Torres del Paine
If Mr. Miyagi had been a Spanish teacher, he may have sent Daniel-San to Torres del Paine with instructions to say ‘Hola’ to every person he met on the trail. After the first thousand ‘Ho-La’s I began to hear what a complex word it actually is. Chileans tend to pronounce it ‘Hwey-Lá” but you have to learn to hear it through repetition. In order to master Spanish Daniel-San, first learn to say hello. Gracias, señor Miyagi.
We took two buses and a ferry for a total of three hours to get to the first trailhead. As the first bus turned from the main road and headed towards the mountains, we and our fellow tourists gasped. No picture can prepare you for the scale of the towers of Torres del Paine. They stand shoulder to shoulder with high mountains, giant blocks of stone, as high or higher than the surrounding peaks. They are the shape of quickly split pieces of cordwood stood on end. Sheer faces shoot thousands of feet into the air, topped with snow.
This is Chile’s patrimony, a word in Spanish as well to describe a gift, an inheritance and a treasure for the generations. The Chileans treat it as such, the park is very popular and heavily regulated. A massive forest fire incinerated acres of grassland, forest and animal habitat in 2011 due to a careless campfire. The winds in Torres del Paine are so fierce and consistent that it took no time to scorch almost the entirety of the most popular trail in the park, the ‘W’. The camper who started the fire was fined $100,000 and the park now has a strict no fire policy. Even camp stoves are restricted to designated areas.

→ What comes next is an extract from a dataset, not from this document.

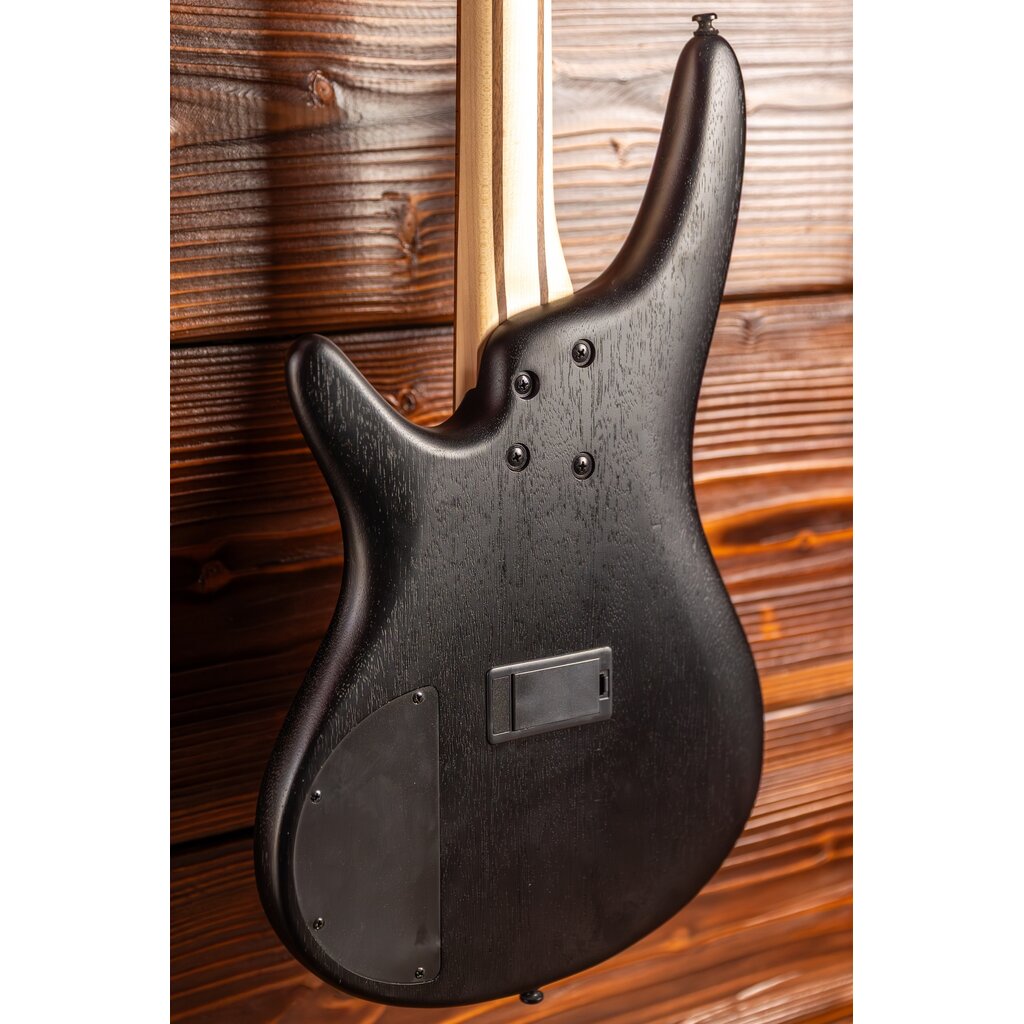 Ibanez Ibanez SR300EB Electric Bass Guitar, Weathered Black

The W is a 46.5 mile hike that takes a fit trekker 4 days. From Grays Glacier in the west of the park to El Torres in the East. We were a. not ready for such a hike and b. only going to be there for two days.

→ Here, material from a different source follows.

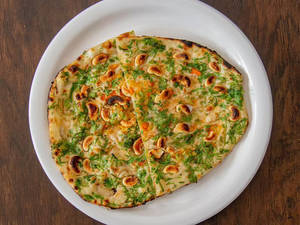Kothmir Butter Roti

Though our gear is light and made for camping, we stood at the base of a 14k hike feeling like runners showing up for a marathon in flip flops holding cans of beer.
After twenty minutes of climbing straight up we questioned our sanity. Aside from the occasional walk to find a hostel, I hadn’t gone anywhere significant with a heavy pack on my shoulders for five years. After an hour we were sucking wind, wind that was conveniently blowing directly in our faces. After two hours we reached a pass where the wind was so strong I could lean forward at an angle with my pack on. It felt like flying. It had started to spit rain and I’d slipped a rain over over my backpack. The rain cover filled with air and I felt gravity lose its appeal. Though we were sore from the first half of the hike the rain was becoming steady, biting in the gale, we were filled energy – a second wind if you will.
A stronger gust hit the side of my pack and knocked me off balance. I wasn’t in danger if being pushed off the pass, but I could have been if not careful.
When we finally reached Refugio Gray, we were beaten but happy to have been up to the challenge. It was still raining lightly and less windy behind the little hill the Refugio sits behind.
We walked into the Refugio to pay for a camp sight (our original intention was to keep hiking to a free site, but we weren’t up to another three hours on the trail in the rain.) Magda asked sweetly where the most sheltered sight might be and the galant behind the counter brightened up and led her to his favorite spot. I followed. I’m thinking of turning this blog into a monologue about how I need to learn Spanish or risk being forgotten about on a forest trail somewhere.
The rain continued while I set up the tent and then stopped when I was done and thoroughly soaked. Magda was in the Refugio making coffee for us, but I was already steeping in a nice brew of self pity.
With coffee and clear skies came a new lease on life. We perked up and walked up to the glacier. We’d talked about the glaciers we’d seen, and even walked across, in New Zealand, and wondered how this would stack up. The first thing we saw was a laguna filled with the styrofoam from a crushed cooler box, only on a giant scale. This was the refuse of the calving glacier, pushed by the wind into this cove. The chunks were the size of capsized boats and a stunning blue that was so vibrant in the newly shining sun that it practically glowed. Glacier Grey itself was on our left, and it too was truly lovely and vast, but we were mesmerized by these fallen towers, listing and glistening in the sun.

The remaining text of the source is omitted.